Мэтью достал почту из ящика. Прошло только два месяца, как он переехал на эту квартиру, поэтому большая часть писем пересылалась ему с прежнего адреса. Из коридора не доносились обычные звуки музыки – наверное, Ахмеда нет дома. В комнате было влажно, немного пахло плесенью. Мэтью сразу же открыл почту. Среди счетов по кредитке и рекламного мусора лежала открытка от мамы.
Matthew,
I hope you have an easy life. You have talent naturally to do anything. You also recognize life's various problems. But let me advise you, my sweet boy. Be careful of the woman who wants to make you your son!
Your Mother
[217]
На другой стороне открытки был натюрморт Караваджо. Мама любила Караваджо. Но дело не в этом. Что она хотела сказать своим предостережением? Нельзя доверяться японкам?
Мэтью достал из коляски пиво, которое он только что купил в автомате, открыл его и включил сообщения на автоответчике.
– Hi, Matthew, this is Cindy. What about coming Tuesday? I wanna go to dance. Give me a call.
[218]
Это завтра? На танцы нет сил.
– Э-э, это Номура. Не забыли? В среду мы пьем с вами до самого утра.
Алиби для неверного мужа. 3000 иен за один раз.
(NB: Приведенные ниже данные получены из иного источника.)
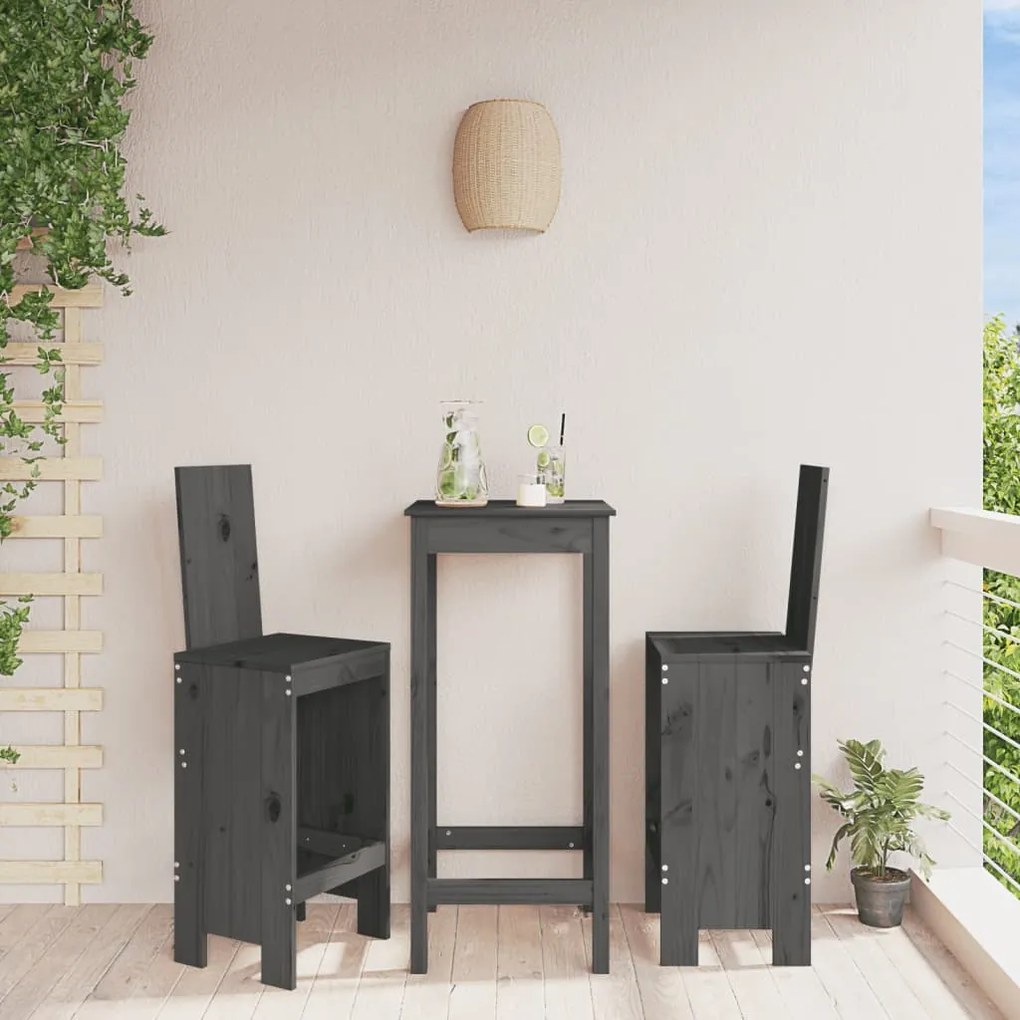 Cadeiras de bar 2 pcs 40x42x120 cm pinho maciço cinzento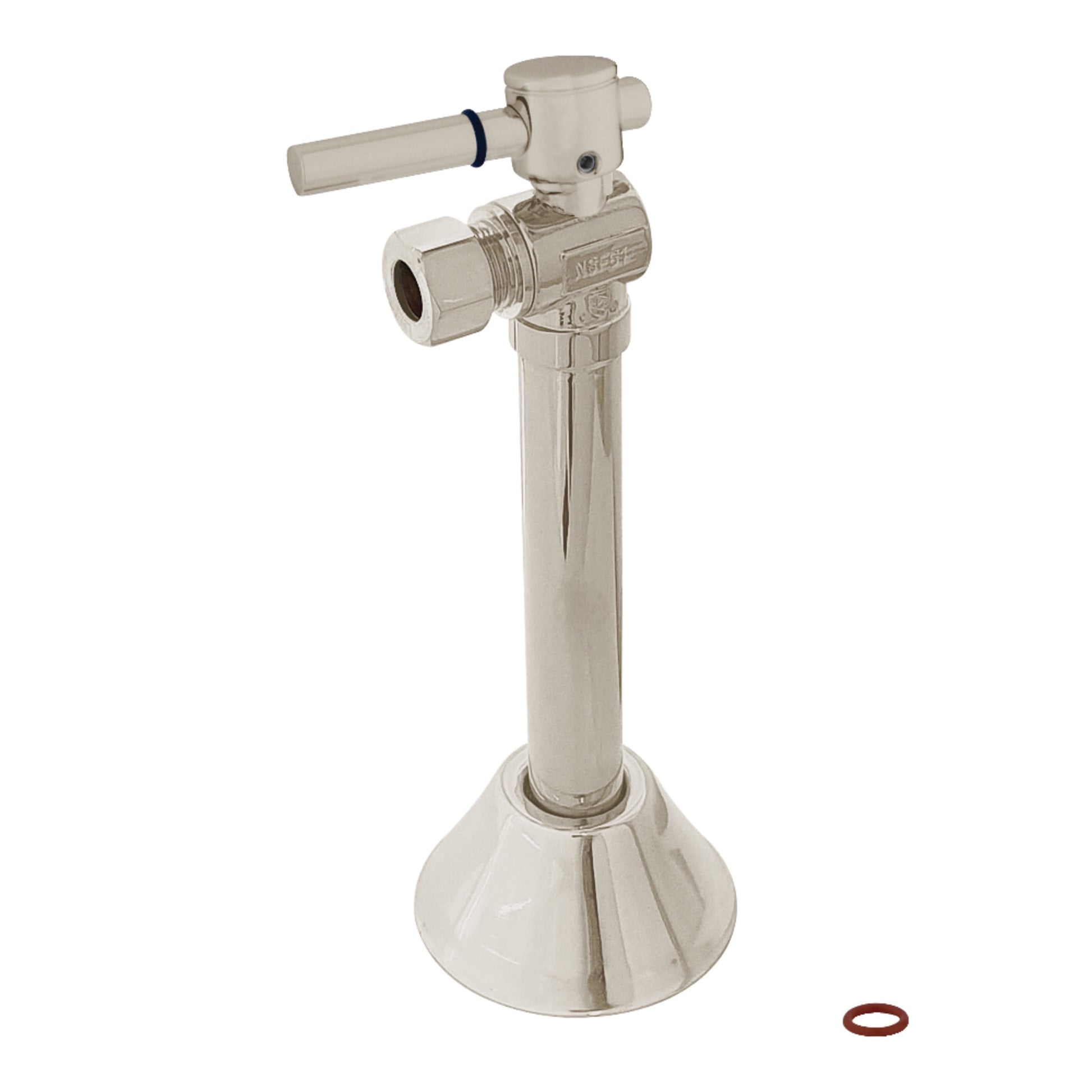 Kingston Brass CC83208DL 1/2-Inch Sweat x 3/8-Inch O.D. Comp Angle Shut-Off Valve with 5-Inch Extension in Brushed Nickel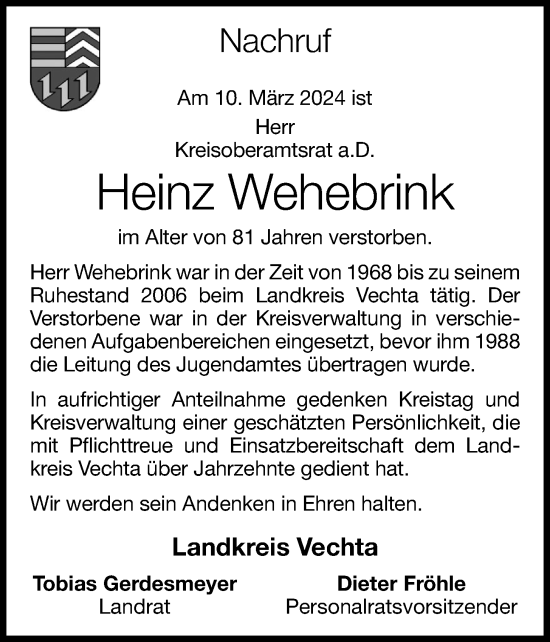 Anzeige von Heinz Wehebrink von OM-Medien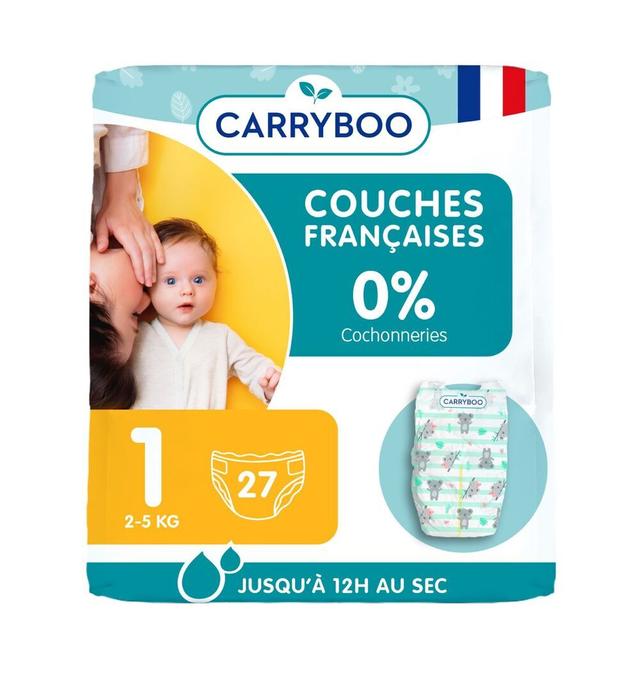 27 Couches T1 (2-5kg) Dermo-Sensitives à Motifs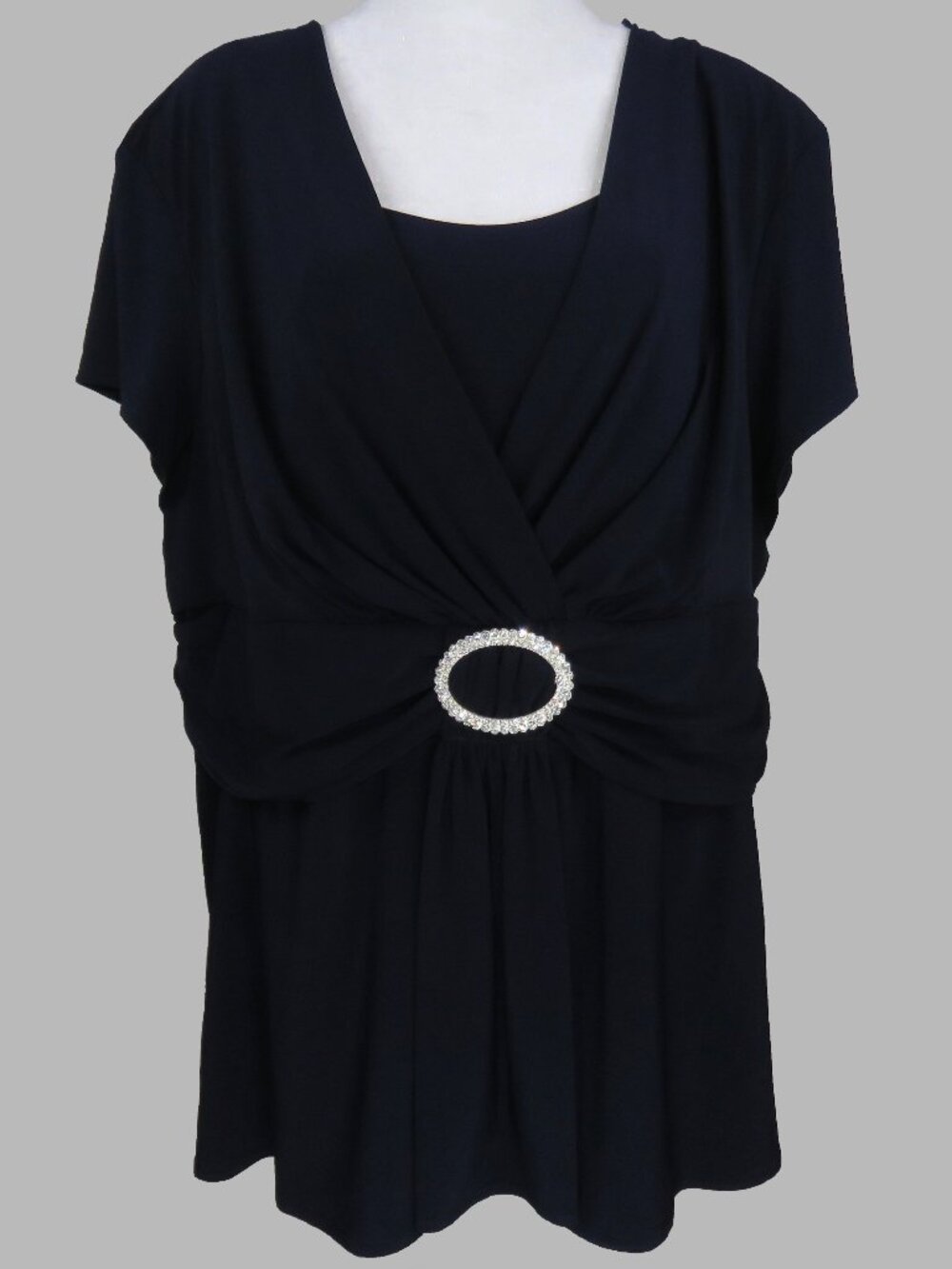 R&M Richards Women's Blue Short-Sleeve Pullover Blouse Size 22W (C2128)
Вот уж никогда бы не стал с ним пить.
– Это Кёко. Ты последнее время даже звонить перестал. Хочу с тобой посоветоваться. Я сегодня дома, так что можешь прийти без звонка.
Буду осторожен с Кёко, следуя совету мамы.
– How are you, Matthew? This is Raphael. I just called. Nothing to say. You don't need to call me back. I dreamt of you. You were a flying bird. Someone tried to catch you
[219]
.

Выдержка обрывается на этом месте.